Медведь уже не спешил. Он лениво трусил, переваливаясь с боку на бок. Он явно был уверен, что на этой широкой чистой равнине мамонтенок от него не уйдёт. На оленёнка он вряд ли рассчитывал: догнать его, если бы тот бежал со всех ног, он всё равно бы не смог. А оленёнок не убегал. Он упрямо бежал рядом с медлительным мамонтёнком и иногда даже принимался с отчаянием подталкивать его сзади своими небольшими рожками.
– Аф!—закричала Ола.—Он же ведь съест их!
Как будто только этих слов и дожидавшийся.
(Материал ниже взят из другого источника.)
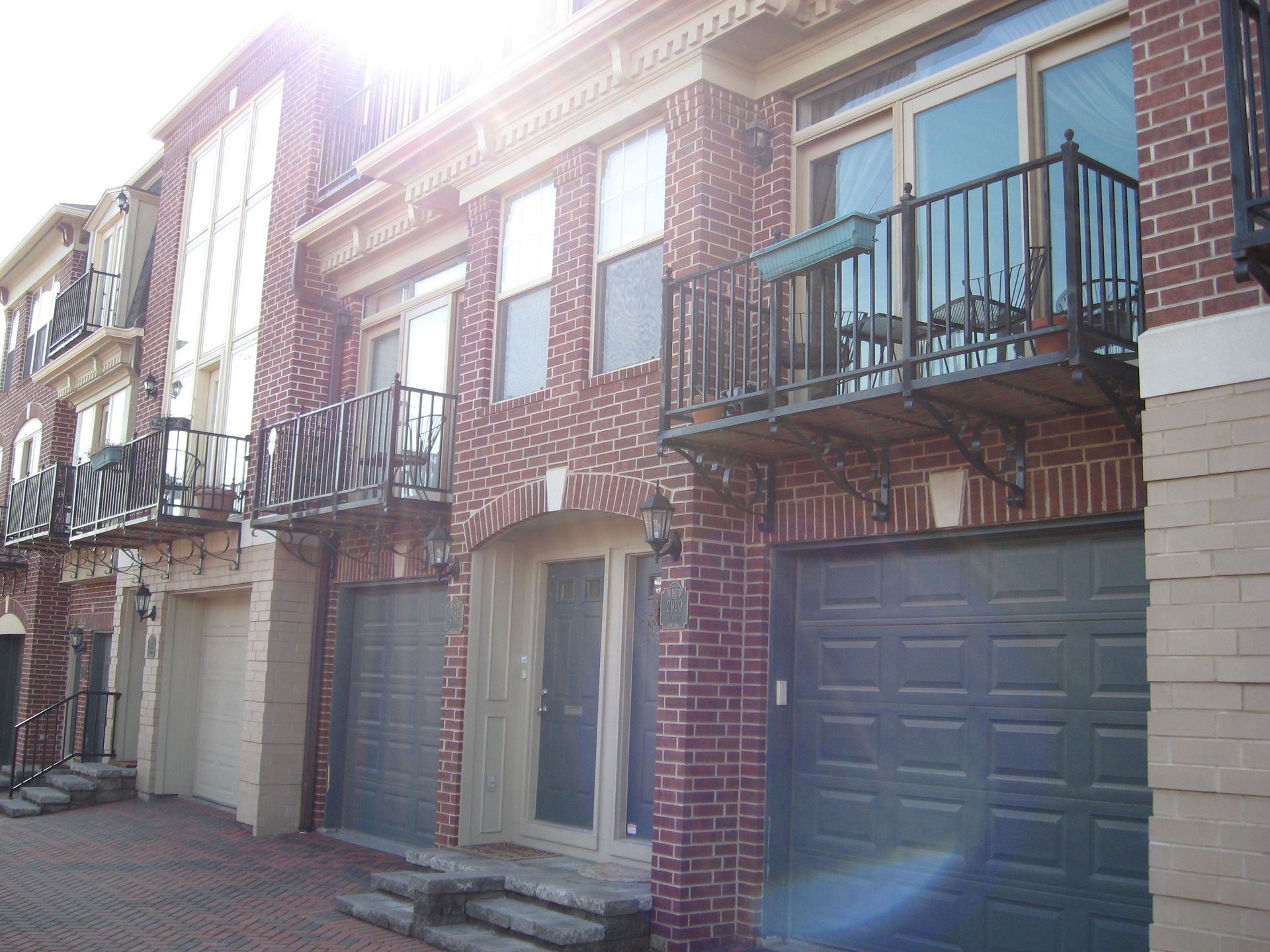 Brick row houses with garages and balconies on a sunny street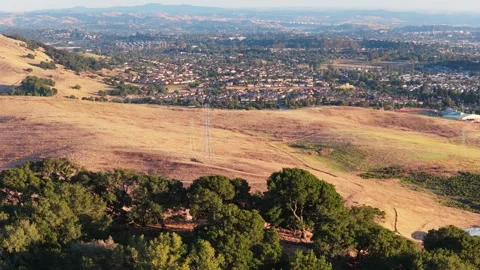 Sunset Helix Around Oak Tree With Power Lines and Town Beyond, Napa County Vídeo Stock 338227425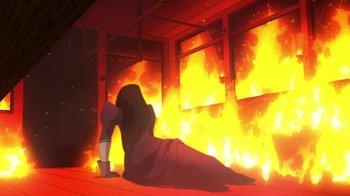 Movie still from “Batman: Gotham by Gaslight” (2018), directed by Sam Liu – A person laying on the ground in front of a fire; Wide shot, Low angle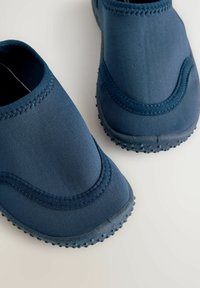 Scarpe slip-on blu navy realizzate in tessuto liscio con suola in gomma testurizzata dotata di piccoli grip rotondi e cuciture decorative lungo i bordi.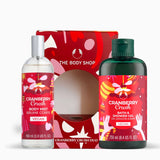 The Body Shop Cranberry Crush Duo gift set featuring a 100ml body mist bottle and a 250ml bath & shower gel bottle, both with red labels and silver/green caps, displayed in front of their red patterned gift box.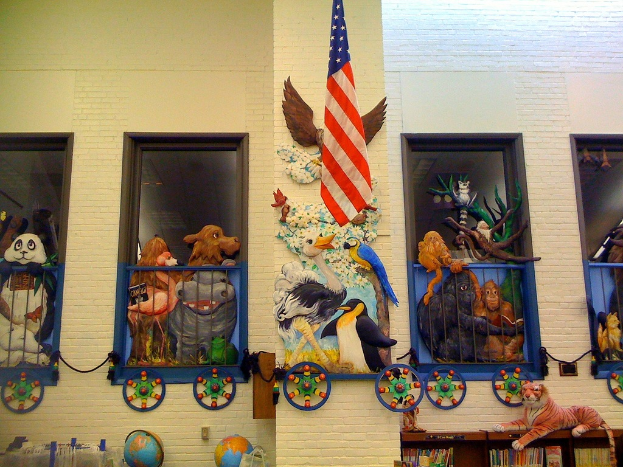 Ein Gebäude mit einer Wand, an der eine Flagge hängt, umgeben von verschiedenen Gegenständen wie Spielzeugen, Büchern und Globus.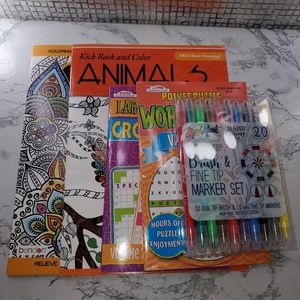Puzzle books, adult coloring books and markers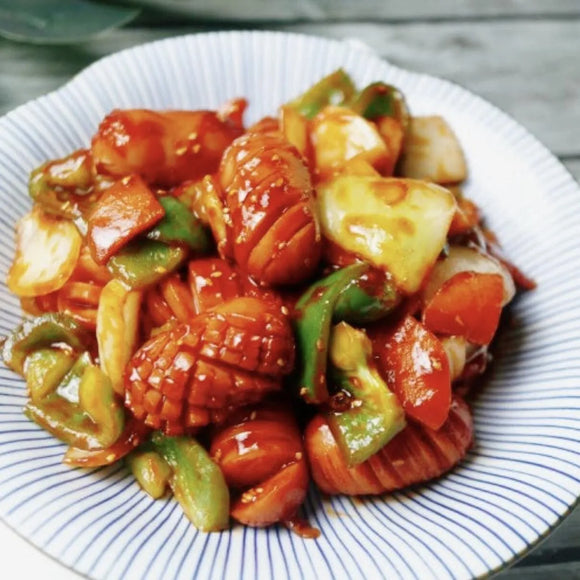 Plate of Korean stir-fry, featuring Vienna sausages with vegetables on a white plate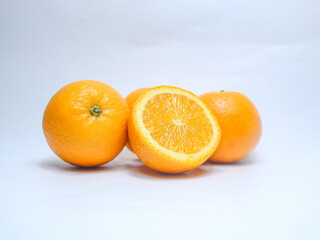 Orange fruits pile on white background, beautiful skin, delicious. There are halved and unhalved fruits. High vitamin C fruit concept.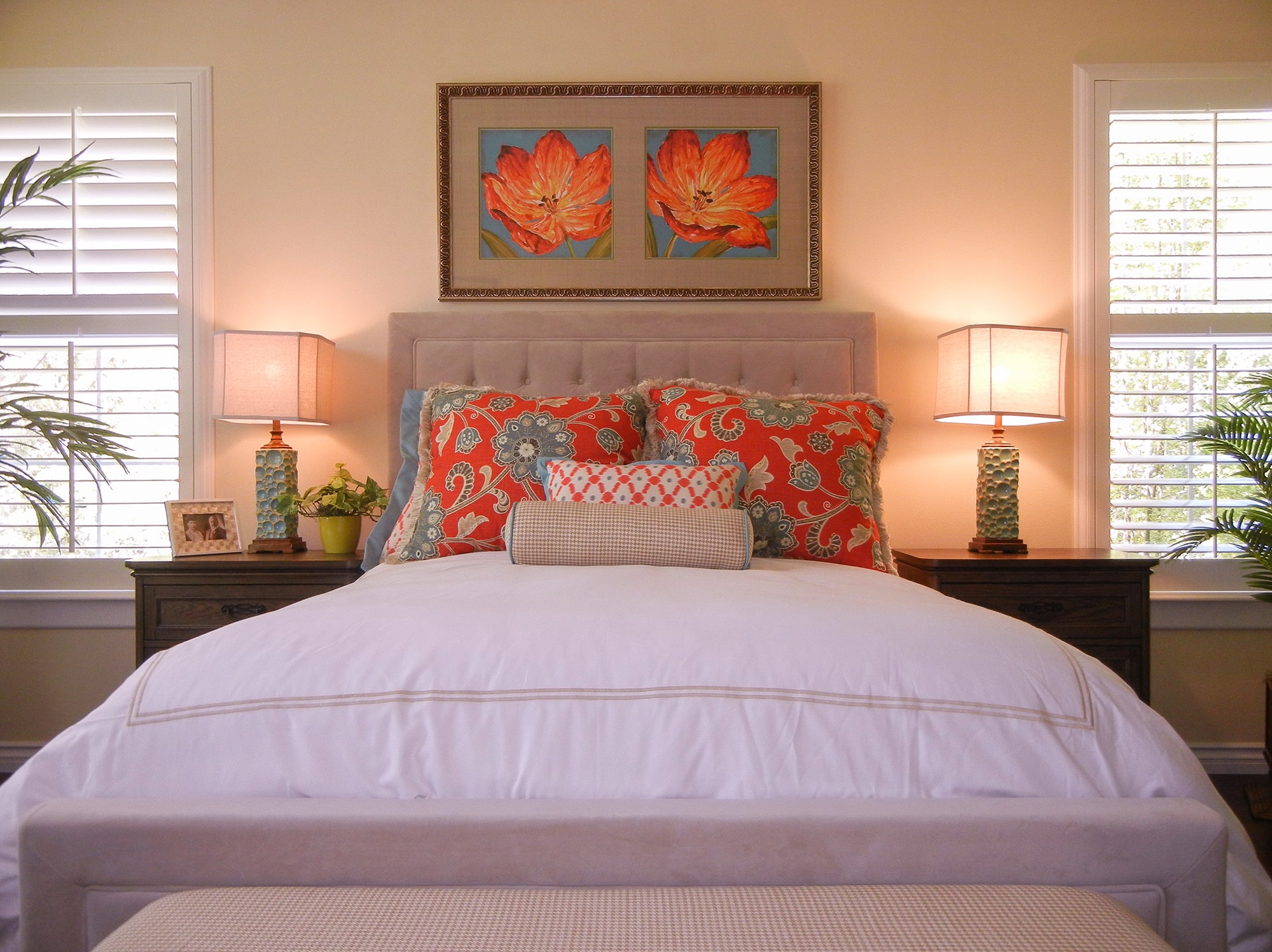 A neatly made bed with colorful orange and gray floral pillows, a white comforter, and a decorative bolster pillow. There are two lamps on wooden nightstands, plants, and a framed orange flower artwork above the headboard.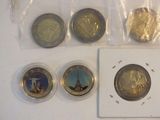 four different coins in the package on the table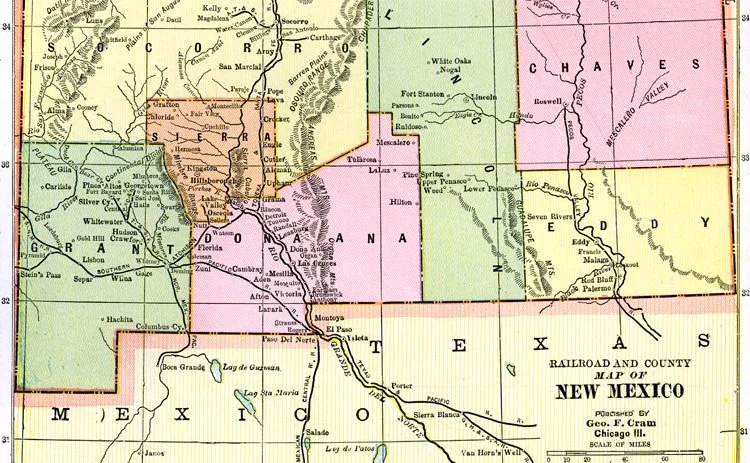 Map of New Mexico showing county divisions, cities, and geographical features, with color-coded regions and rail lines.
Аф с хриплым рычанием сорвался с места. Он бежал по-волчьи; вытянувшись в струнку и прижав уши, он стлался над землёй, то пропадая на мгновение в траве, то снова на миг взлетая над ней.
Появления собаки медведь не ожидал. Когда Аф с ходу рванул его за задние лапы, медведь от неожиданности сел. Но тотчас он оглушительно рявкнул и кинулся на Афа. Собака увернулась, отскочила и залилась злобным лаем. Медведь несколько раз попытался прихлопнуть Афа своей громадной лапой, но тот ускользал, как вьюн. Медведь повернулся и побежал было дальше, но Аф опять налетел сзади и вцепился ему в хвост. Только тут медведь понял, что, не отделавшись от собаки, погоню ему не продолжить.
– Ага, так вы все заодно! – заревел он, снова бросаясь за Афом.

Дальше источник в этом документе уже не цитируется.